TASK TO CARRY OUT »
Nothing other than an exact copy of the records should be returned.

DATA PROVIDED »

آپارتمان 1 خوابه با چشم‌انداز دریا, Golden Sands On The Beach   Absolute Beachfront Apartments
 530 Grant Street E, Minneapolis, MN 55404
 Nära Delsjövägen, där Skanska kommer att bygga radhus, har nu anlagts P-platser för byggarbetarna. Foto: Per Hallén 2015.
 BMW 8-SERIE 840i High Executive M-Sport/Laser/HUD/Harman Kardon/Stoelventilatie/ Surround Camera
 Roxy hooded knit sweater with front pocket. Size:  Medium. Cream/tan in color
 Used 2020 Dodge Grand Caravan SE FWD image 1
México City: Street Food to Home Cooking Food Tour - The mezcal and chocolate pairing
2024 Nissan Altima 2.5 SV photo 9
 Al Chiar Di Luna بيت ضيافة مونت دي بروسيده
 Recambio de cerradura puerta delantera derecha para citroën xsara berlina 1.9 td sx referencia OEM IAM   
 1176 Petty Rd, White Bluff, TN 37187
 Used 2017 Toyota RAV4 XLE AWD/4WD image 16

EXERCISE SOLUTION »
آپارتمان 1 خوابه با چشم‌انداز دریا, Golden Sands On The Beach   Absolute Beachfront Apartments
 530 Grant Street E, Minneapolis, MN 55404
 Nära Delsjövägen, där Skanska kommer att bygga radhus, har nu anlagts P-platser för byggarbetarna. Foto: Per Hallén 2015.
 BMW 8-SERIE 840i High Executive M-Sport/Laser/HUD/Harman Kardon/Stoelventilatie/ Surround Camera
 Roxy hooded knit sweater with front pocket. Size:  Medium. Cream/tan in color
 Used 2020 Dodge Grand Caravan SE FWD image 1
México City: Street Food to Home Cooking Food Tour - The mezcal and chocolate pairing
2024 Nissan Altima 2.5 SV photo 9
 Al Chiar Di Luna بيت ضيافة مونت دي بروسيده
 Recambio de cerradura puerta delantera derecha para citroën xsara berlina 1.9 td sx referencia OEM IAM   
 1176 Petty Rd, White Bluff, TN 37187
 Used 2017 Toyota RAV4 XLE AWD/4WD image 16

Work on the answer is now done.